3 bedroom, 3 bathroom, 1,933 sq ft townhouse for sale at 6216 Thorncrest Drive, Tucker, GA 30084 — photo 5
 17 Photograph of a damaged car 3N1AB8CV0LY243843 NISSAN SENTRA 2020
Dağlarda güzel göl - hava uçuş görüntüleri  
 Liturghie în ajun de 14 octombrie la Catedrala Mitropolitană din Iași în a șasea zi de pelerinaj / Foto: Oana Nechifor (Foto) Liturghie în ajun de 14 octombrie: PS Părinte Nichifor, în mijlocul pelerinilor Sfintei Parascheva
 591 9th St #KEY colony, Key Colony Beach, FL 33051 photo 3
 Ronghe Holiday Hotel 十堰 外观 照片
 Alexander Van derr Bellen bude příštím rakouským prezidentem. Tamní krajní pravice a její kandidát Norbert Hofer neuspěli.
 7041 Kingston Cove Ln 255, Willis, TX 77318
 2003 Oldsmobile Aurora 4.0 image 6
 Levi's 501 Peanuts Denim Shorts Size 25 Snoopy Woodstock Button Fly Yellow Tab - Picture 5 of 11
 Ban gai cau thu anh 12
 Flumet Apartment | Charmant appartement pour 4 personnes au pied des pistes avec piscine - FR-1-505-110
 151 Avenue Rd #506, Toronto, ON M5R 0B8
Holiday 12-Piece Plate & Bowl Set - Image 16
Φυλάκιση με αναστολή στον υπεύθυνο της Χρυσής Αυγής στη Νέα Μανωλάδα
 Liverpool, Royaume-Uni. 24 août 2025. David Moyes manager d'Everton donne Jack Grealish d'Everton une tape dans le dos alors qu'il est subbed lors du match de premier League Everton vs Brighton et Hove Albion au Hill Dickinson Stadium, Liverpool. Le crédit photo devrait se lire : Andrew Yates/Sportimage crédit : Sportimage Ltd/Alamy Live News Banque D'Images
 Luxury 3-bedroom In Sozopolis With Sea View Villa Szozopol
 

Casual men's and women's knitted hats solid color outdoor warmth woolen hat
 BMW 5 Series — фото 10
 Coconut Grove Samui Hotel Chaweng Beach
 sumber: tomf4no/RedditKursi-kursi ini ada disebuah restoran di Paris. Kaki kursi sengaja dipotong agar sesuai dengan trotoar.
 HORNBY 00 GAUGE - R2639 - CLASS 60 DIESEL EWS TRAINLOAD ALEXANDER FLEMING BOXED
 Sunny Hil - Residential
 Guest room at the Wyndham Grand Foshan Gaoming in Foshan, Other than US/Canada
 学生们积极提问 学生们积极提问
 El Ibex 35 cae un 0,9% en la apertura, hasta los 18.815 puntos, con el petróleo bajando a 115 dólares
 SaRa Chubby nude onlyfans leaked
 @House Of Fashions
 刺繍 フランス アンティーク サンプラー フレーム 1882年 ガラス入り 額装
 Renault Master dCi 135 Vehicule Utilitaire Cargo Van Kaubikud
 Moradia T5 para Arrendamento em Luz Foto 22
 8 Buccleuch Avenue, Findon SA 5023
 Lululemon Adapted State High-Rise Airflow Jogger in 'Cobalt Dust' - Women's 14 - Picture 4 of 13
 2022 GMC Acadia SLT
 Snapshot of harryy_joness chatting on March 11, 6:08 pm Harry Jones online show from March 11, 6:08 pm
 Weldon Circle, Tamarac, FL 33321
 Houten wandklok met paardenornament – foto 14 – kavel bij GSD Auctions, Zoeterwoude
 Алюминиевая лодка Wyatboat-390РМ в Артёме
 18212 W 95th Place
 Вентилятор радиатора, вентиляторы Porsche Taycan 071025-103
--------------------------------------------------
TASK GOAL> Starting with the line that contains "Lululemon Adapted State", write out each line through the end of the listing, exactly as it appears, and include nothing else.

ANSWER BOX>
 Lululemon Adapted State High-Rise Airflow Jogger in 'Cobalt Dust' - Women's 14 - Picture 4 of 13
 2022 GMC Acadia SLT
 Snapshot of harryy_joness chatting on March 11, 6:08 pm Harry Jones online show from March 11, 6:08 pm
 Weldon Circle, Tamarac, FL 33321
 Houten wandklok met paardenornament – foto 14 – kavel bij GSD Auctions, Zoeterwoude
 Алюминиевая лодка Wyatboat-390РМ в Артёме
 18212 W 95th Place
 Вентилятор радиатора, вентиляторы Porsche Taycan 071025-103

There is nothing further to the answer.